* [Goal of the exercise]:
Only the lines from the one containing "Oracle of the" to the end of the data below belong in the answer, each repeated exactly; no pictures.

================================

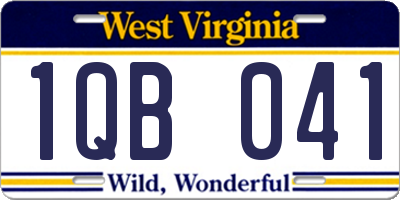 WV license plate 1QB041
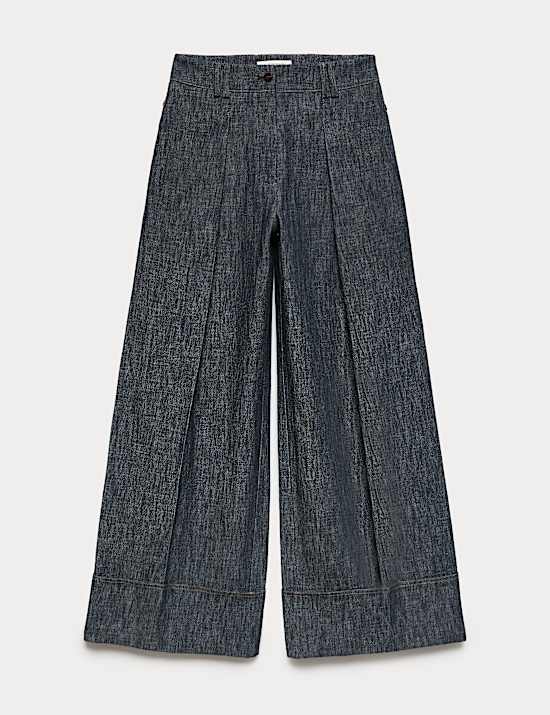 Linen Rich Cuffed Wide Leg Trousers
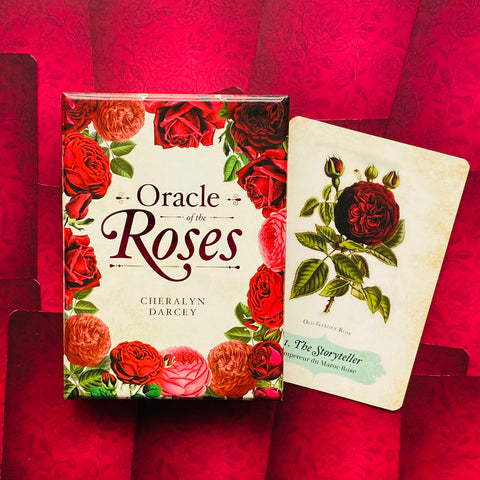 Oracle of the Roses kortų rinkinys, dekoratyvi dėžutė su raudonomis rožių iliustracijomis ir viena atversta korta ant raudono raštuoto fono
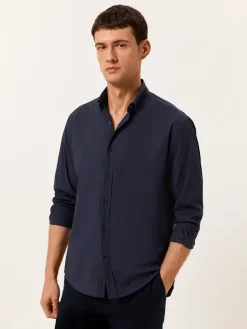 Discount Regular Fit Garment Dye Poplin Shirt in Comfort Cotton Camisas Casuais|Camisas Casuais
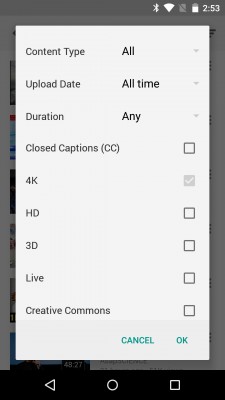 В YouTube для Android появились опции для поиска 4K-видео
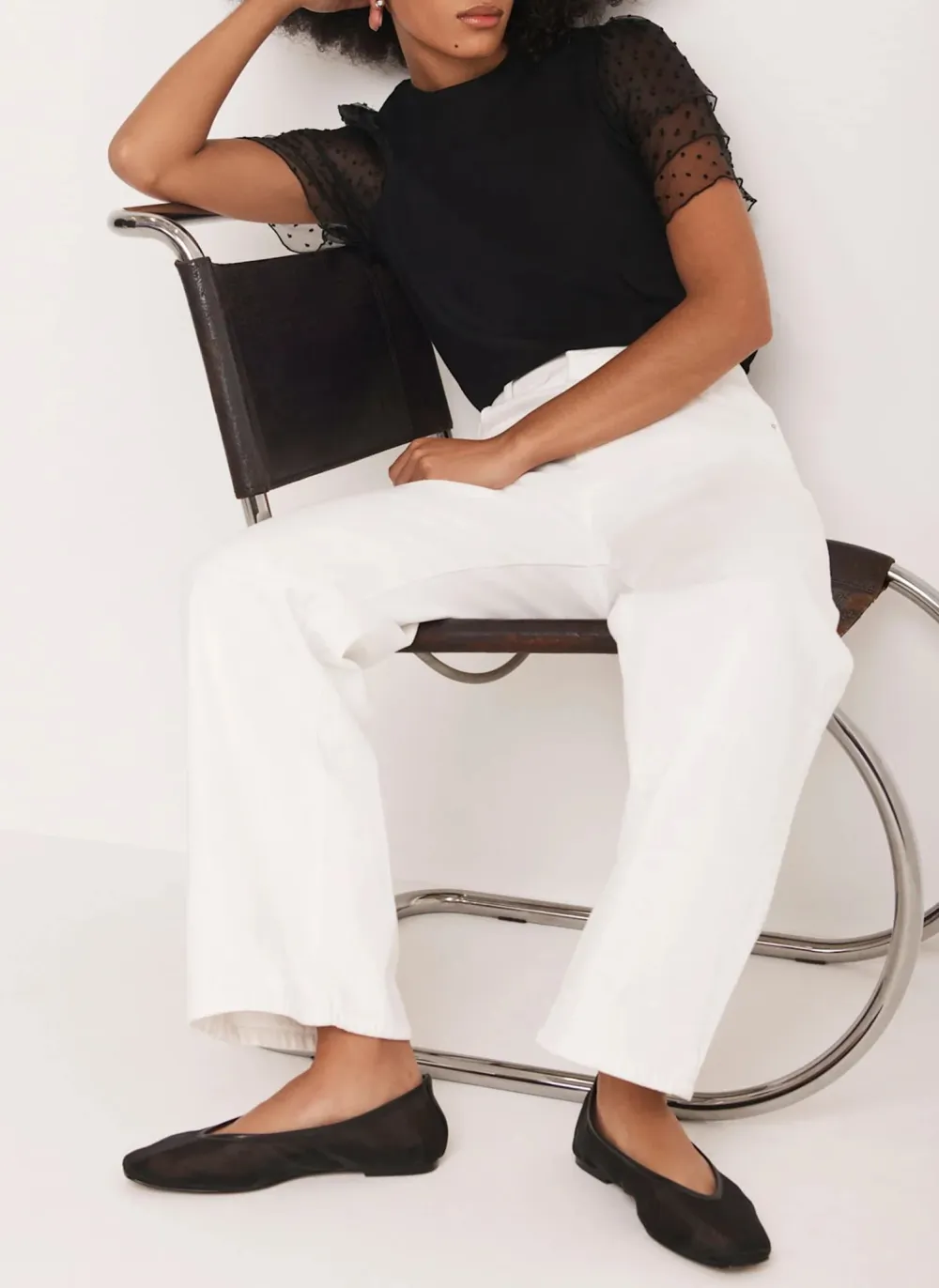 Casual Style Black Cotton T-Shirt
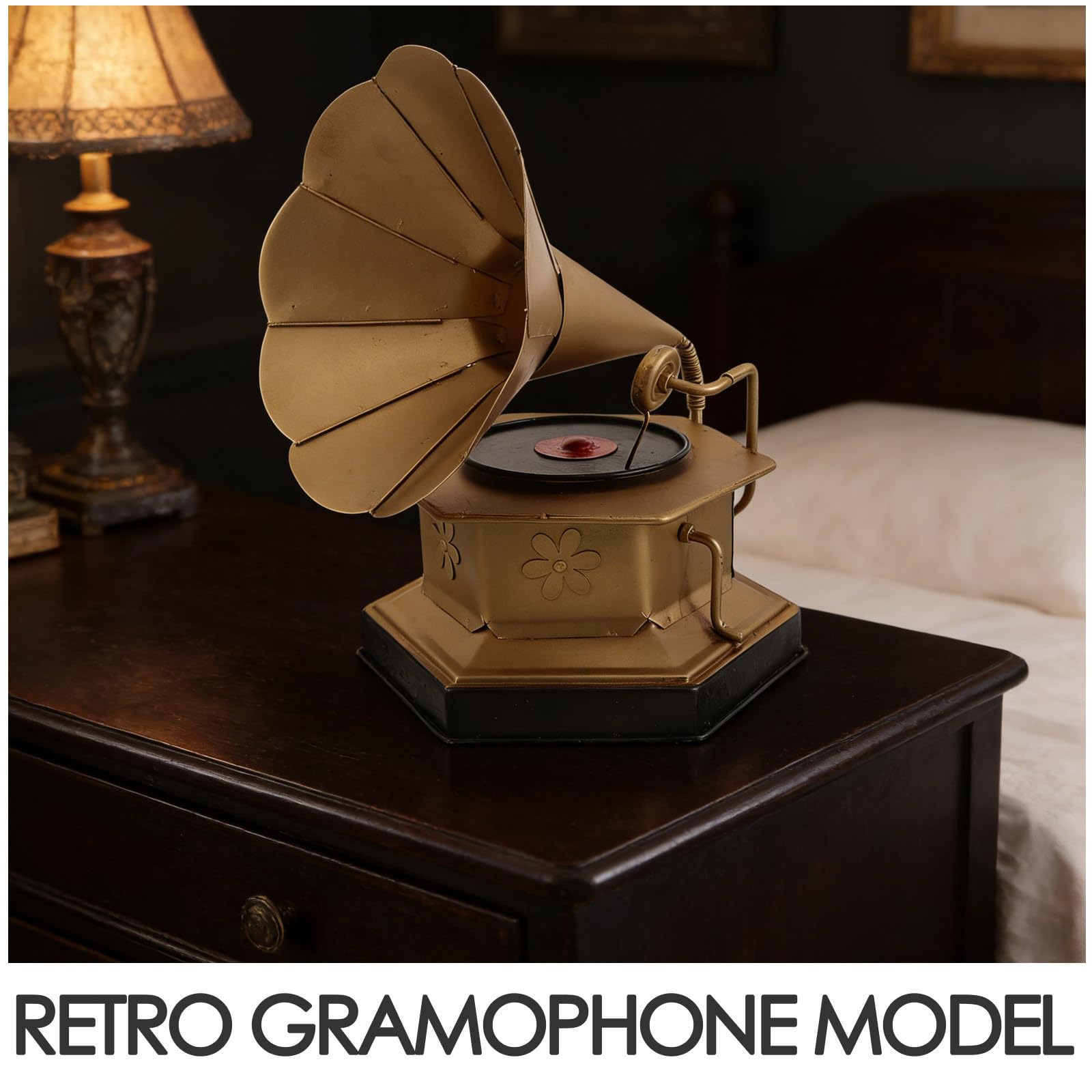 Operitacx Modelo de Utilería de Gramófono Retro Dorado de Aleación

================================

* [Problem solution]:
 Oracle of the Roses kortų rinkinys, dekoratyvi dėžutė su raudonomis rožių iliustracijomis ir viena atversta korta ant raudono raštuoto fono
 Discount Regular Fit Garment Dye Poplin Shirt in Comfort Cotton Camisas Casuais|Camisas Casuais
 В YouTube для Android появились опции для поиска 4K-видео
 Casual Style Black Cotton T-Shirt
 Operitacx Modelo de Utilería de Gramófono Retro Dorado de Aleación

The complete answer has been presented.